2004-12-22 Thread Bob . Cowdery
Title: RE: Metaclasses





Robert


Yes you understand exectly what I am trying to do, my test code was not much more than you show. You are right that to do the simple thing of adding attributes I can do that in-line as it were but there may be other customisations that I want to do. I am probably just not understanding the process here but in both the examples you give the code is executed on 'import' so I end up with a class that has fixed function depending on what capability it picked up at 'import' time. What I want to do is when

class API(object):
    __metaclass__ = MetaAPI


is created that MetaAPI generates attributes from a given capability map and not the one it picked up on 'import'. Does that make any sense?

Bob


-Original Message-
From: Robert Brewer [mailto:[EMAIL PROTECTED]] 
Sent: 22 December 2004 17:01
To: [EMAIL PROTECTED]; python-list@python.org
Subject: RE: Metaclasses



Bob Cowdery wrote:
 
> I am trying to build a capability based API. That is,
> an instance of the api will reflect the capabilities
> of some underlying services. I could have several
> different instances of the api concurrently running
> against different back end services. A ui applet will
> bind to an api instance. I want to make this easy to
> use from the ui perspective so I envisage exposing a
> number of properties as the variable part can be
> represented by properties.

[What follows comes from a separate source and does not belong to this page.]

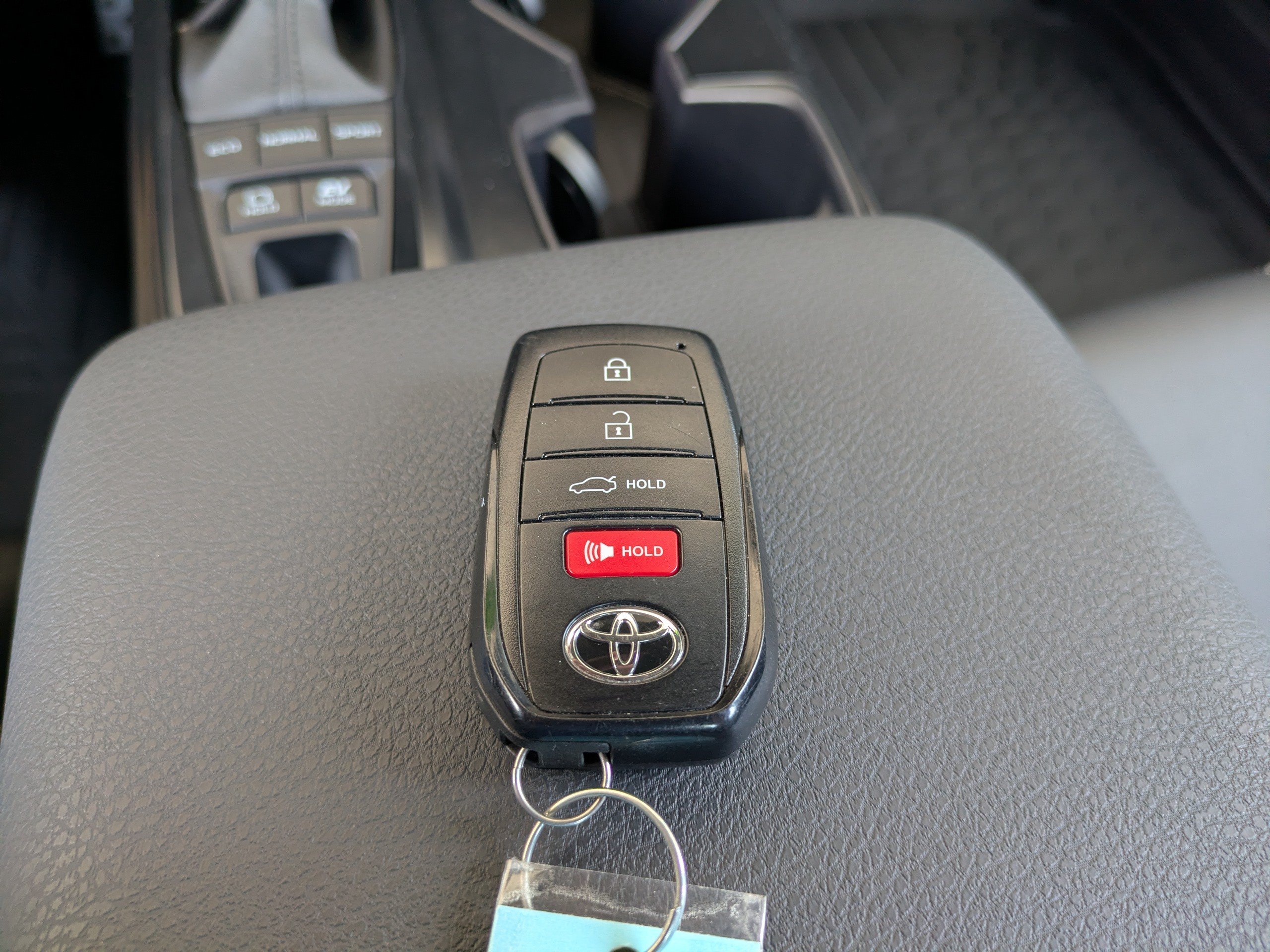 Used 2025 Toyota Camry SE FWD image 30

I want a property to exist
> only if a capability is available so it is easily tested.
> I have tried using Property and Metaclasses to do this
> and although both work I can't figure out how to make multiple 
> different instances as both get executed on 'import' and thus only one 
> instance can be created. Inside the metaclass I have to get hold of 
> the capability map I want to build the instance against. The only way 
> I can see to do this at the moment is to have a metaclass
> for each capability type and hardcode the type inside it,
> then pick the appropriate metaclass when I build the
> implementation class.
 
I was with you until the last couple of sentences. :) I *think* you're trying to write something like this:


class MetaAPI(type):
    def __init__(cls, name, bases, dct):
    for name, method in capabilities.iteritems():
    setattr(cls, name, method)


class API(object):
    __metaclass__ = MetaAPI


...where all capable behaviors are attached to the API _class_.

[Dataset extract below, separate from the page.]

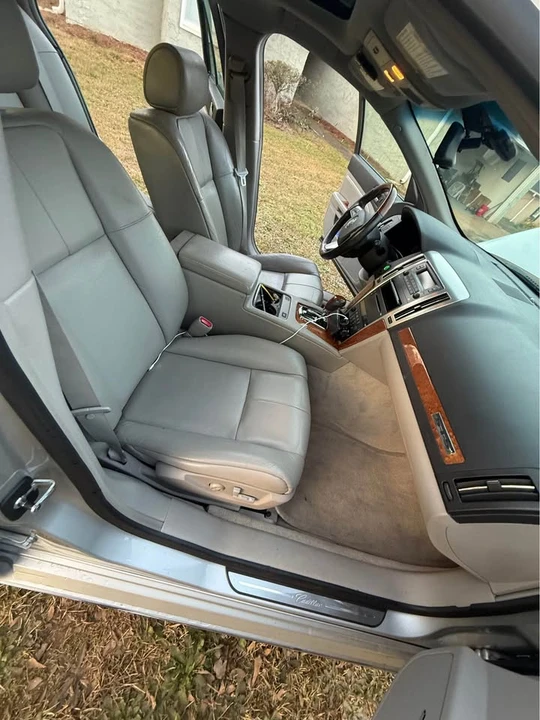 2009 Cadillac STS - Image 3 of 12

But then you start talking about "instances", and I'm not sure whether you mean instances of the API class or not, because the metaclass doesn't have much to do with that. If you want to conditionally attach methods to instances of API, then just do it in API.__init__():

class API(object):
    def __init__(self, keyring):
    for name, method in capabilities(keyring).iteritems():
    setattr(self, name, method)


Can you show us some code? <:)



Robert Brewer
MIS
Amor Ministries
[EMAIL PROTECTED]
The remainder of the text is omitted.